Il est admis depuis quelques dizaines d'années que bon nombre d'espèces animales exhibent des comportements dits culturels. Qu'entend-on par là et quel est leur degré de généralité ?
On définit les traditions animales comme la transmission sociale de comportements acquis. Cela suppose la transmission d'une information d'une génération à l'autre, sans que cela soit héréditaire. On sait depuis les années 1950 que de tels comportements existent dans des groupes d'animaux, chez la mésange ou le macaque japonais. Depuis, les exemples se sont multipliés. On est longtemps resté très prudent sur les mots, en s'en tenant au terme de tradition. Mais depuis une douzaine d'années, beaucoup d'éthologistes n'hésitent plus à utiliser le terme de culture et cela crée un problème. Car cet usage donne de la culture ce que l'anthropologue Maurice Godelier appelle une « définition faible » : on la réduit à la transmission de comportements acquis, sans requérir l'existence de normes et de symboles intériorisés.

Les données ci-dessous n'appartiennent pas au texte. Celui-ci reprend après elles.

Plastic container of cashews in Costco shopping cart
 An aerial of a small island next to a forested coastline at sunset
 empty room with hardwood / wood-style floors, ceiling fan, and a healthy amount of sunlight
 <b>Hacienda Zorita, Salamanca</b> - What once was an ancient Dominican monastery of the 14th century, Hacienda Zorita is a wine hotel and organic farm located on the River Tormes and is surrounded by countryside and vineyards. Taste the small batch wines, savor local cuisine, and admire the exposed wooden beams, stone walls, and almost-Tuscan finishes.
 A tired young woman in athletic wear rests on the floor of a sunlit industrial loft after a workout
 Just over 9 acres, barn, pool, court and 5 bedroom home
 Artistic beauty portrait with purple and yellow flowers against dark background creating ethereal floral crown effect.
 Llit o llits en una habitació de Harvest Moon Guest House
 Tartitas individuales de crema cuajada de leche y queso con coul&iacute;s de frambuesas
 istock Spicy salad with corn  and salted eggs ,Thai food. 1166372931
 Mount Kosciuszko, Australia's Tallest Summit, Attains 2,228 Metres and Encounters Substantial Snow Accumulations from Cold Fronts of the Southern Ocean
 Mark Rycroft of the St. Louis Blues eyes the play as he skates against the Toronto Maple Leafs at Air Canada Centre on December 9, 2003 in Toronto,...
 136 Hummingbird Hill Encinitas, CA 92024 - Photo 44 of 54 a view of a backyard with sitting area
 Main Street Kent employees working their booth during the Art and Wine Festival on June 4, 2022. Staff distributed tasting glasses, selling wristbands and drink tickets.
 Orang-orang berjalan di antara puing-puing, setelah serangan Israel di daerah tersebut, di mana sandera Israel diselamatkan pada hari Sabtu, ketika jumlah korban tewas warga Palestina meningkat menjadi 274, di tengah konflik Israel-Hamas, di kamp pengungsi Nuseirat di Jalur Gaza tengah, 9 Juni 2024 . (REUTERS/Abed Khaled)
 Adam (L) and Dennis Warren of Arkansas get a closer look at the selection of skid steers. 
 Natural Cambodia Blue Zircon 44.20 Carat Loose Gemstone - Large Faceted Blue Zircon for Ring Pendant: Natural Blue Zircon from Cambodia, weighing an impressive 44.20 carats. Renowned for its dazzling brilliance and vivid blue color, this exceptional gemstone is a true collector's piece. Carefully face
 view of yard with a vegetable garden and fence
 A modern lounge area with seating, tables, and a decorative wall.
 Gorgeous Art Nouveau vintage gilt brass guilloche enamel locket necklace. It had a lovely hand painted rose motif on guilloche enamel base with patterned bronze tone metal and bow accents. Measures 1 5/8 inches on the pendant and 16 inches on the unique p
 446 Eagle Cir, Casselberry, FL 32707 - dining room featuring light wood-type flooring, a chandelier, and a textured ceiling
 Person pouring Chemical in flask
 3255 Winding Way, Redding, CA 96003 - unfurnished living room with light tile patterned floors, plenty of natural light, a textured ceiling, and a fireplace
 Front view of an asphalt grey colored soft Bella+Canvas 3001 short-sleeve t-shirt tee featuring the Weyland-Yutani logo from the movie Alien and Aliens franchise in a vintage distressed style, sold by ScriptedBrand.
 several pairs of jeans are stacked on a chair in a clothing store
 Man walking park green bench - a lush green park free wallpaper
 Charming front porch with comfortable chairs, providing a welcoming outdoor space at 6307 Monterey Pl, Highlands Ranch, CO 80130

Quant à moi, j'estime que pour qu'il y ait culture, il faut qu'il y ait évolution culturelle. Or celle-ci repose sur une accumulation de comportements hérités et cette accumulation reste limitée chez les animaux. On connaît des exemples de traditions chez beaucoup d'espèces d'oiseaux et de mammifères, mais il faut reconnaître que sur l'ensemble du monde animal, l'accumulation reste rare. Seuls certains grands singes paraissent faire exception (voir l'entretien avec Frans de Waal p. 50). A l'intérieur de l'espèce des chimpanzés, les communautés diffèrent par plusieurs dizaines de caractères comportementaux, par leurs usages alimentaires, par l'utilisation d'outils différents, et aussi de signaux de communication. C'est pourquoi certains primatologues en appellent à une « ethnologie » du chimpanzé ou de l'orang-outan, qui aurait pour objectif d'étudier les différences de comportement entre groupes de cette même espèce.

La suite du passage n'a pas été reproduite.